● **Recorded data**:
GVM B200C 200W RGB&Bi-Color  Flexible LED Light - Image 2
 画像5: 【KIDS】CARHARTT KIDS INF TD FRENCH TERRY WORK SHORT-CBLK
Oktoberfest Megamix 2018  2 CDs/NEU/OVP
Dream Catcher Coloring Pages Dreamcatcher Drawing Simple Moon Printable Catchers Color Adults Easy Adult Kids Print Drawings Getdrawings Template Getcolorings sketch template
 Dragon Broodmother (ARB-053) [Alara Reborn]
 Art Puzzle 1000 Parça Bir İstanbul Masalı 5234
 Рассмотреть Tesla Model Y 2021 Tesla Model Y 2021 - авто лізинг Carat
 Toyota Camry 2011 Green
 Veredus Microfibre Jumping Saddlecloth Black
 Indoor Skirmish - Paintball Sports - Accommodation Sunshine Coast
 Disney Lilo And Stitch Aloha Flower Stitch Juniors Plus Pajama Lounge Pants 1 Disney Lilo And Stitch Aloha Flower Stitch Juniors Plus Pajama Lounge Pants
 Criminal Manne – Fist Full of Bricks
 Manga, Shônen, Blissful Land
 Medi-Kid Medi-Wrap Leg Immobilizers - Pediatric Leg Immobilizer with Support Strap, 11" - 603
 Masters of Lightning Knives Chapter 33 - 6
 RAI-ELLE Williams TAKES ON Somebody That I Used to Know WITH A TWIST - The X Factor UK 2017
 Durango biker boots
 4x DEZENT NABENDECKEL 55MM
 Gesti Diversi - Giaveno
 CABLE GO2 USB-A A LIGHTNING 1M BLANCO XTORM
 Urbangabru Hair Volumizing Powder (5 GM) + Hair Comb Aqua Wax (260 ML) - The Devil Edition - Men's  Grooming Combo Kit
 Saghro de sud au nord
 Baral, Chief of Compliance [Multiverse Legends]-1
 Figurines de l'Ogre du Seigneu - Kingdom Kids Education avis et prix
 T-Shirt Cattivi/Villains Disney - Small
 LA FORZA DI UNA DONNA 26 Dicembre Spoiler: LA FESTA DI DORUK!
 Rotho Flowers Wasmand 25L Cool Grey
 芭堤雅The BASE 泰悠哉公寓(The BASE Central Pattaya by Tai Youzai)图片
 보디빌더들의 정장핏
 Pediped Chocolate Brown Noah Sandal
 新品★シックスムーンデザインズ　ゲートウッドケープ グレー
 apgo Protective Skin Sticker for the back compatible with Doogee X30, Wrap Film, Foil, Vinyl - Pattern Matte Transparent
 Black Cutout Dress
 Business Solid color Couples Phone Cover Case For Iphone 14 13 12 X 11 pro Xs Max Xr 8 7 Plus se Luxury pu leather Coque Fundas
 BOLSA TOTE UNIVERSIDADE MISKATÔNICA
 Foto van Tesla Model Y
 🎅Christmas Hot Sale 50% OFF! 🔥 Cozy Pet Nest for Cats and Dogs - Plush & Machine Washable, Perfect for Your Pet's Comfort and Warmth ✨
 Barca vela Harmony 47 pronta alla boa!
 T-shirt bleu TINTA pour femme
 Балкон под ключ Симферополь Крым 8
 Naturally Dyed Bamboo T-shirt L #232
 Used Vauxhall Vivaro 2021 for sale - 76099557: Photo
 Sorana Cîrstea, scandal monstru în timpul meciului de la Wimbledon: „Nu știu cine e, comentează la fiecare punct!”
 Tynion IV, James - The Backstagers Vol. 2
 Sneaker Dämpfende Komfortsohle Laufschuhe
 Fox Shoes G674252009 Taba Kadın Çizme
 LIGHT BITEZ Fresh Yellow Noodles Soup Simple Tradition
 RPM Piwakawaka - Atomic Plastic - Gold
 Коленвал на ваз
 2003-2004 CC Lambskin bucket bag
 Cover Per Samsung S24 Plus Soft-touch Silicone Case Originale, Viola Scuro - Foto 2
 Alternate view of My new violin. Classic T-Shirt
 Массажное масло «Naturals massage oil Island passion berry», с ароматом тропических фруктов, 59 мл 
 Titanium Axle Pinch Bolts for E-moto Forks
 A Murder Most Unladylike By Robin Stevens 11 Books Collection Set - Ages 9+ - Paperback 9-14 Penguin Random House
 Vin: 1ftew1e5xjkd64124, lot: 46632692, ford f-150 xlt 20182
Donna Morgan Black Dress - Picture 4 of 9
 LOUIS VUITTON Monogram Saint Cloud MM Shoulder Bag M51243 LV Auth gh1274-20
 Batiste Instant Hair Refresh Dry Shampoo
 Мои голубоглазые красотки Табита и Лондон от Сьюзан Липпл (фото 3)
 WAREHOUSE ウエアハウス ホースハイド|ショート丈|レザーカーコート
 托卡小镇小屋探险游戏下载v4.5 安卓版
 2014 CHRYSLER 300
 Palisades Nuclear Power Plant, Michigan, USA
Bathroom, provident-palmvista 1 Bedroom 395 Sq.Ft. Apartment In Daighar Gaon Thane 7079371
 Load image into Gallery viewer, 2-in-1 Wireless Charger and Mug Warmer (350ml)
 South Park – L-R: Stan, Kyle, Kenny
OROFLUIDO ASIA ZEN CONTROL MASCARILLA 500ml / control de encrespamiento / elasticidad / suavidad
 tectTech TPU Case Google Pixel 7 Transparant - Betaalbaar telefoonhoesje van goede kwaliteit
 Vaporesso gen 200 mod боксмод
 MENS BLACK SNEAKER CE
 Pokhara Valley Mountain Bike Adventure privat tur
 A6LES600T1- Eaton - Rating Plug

● **Exercise directions**:
Each line above from the one with "Vin: 1ftew1e5xjkd64124, lot: 46632692, ford" up to and including the one with "MENS BLACK SNEAKER CE" must be set down exactly, and no line outside that span may appear.

● **Solution for this task**:
 Vin: 1ftew1e5xjkd64124, lot: 46632692, ford f-150 xlt 20182
Donna Morgan Black Dress - Picture 4 of 9
 LOUIS VUITTON Monogram Saint Cloud MM Shoulder Bag M51243 LV Auth gh1274-20
 Batiste Instant Hair Refresh Dry Shampoo
 Мои голубоглазые красотки Табита и Лондон от Сьюзан Липпл (фото 3)
 WAREHOUSE ウエアハウス ホースハイド|ショート丈|レザーカーコート
 托卡小镇小屋探险游戏下载v4.5 安卓版
 2014 CHRYSLER 300
 Palisades Nuclear Power Plant, Michigan, USA
Bathroom, provident-palmvista 1 Bedroom 395 Sq.Ft. Apartment In Daighar Gaon Thane 7079371
 Load image into Gallery viewer, 2-in-1 Wireless Charger and Mug Warmer (350ml)
 South Park – L-R: Stan, Kyle, Kenny
OROFLUIDO ASIA ZEN CONTROL MASCARILLA 500ml / control de encrespamiento / elasticidad / suavidad
 tectTech TPU Case Google Pixel 7 Transparant - Betaalbaar telefoonhoesje van goede kwaliteit
 Vaporesso gen 200 mod боксмод
 MENS BLACK SNEAKER CE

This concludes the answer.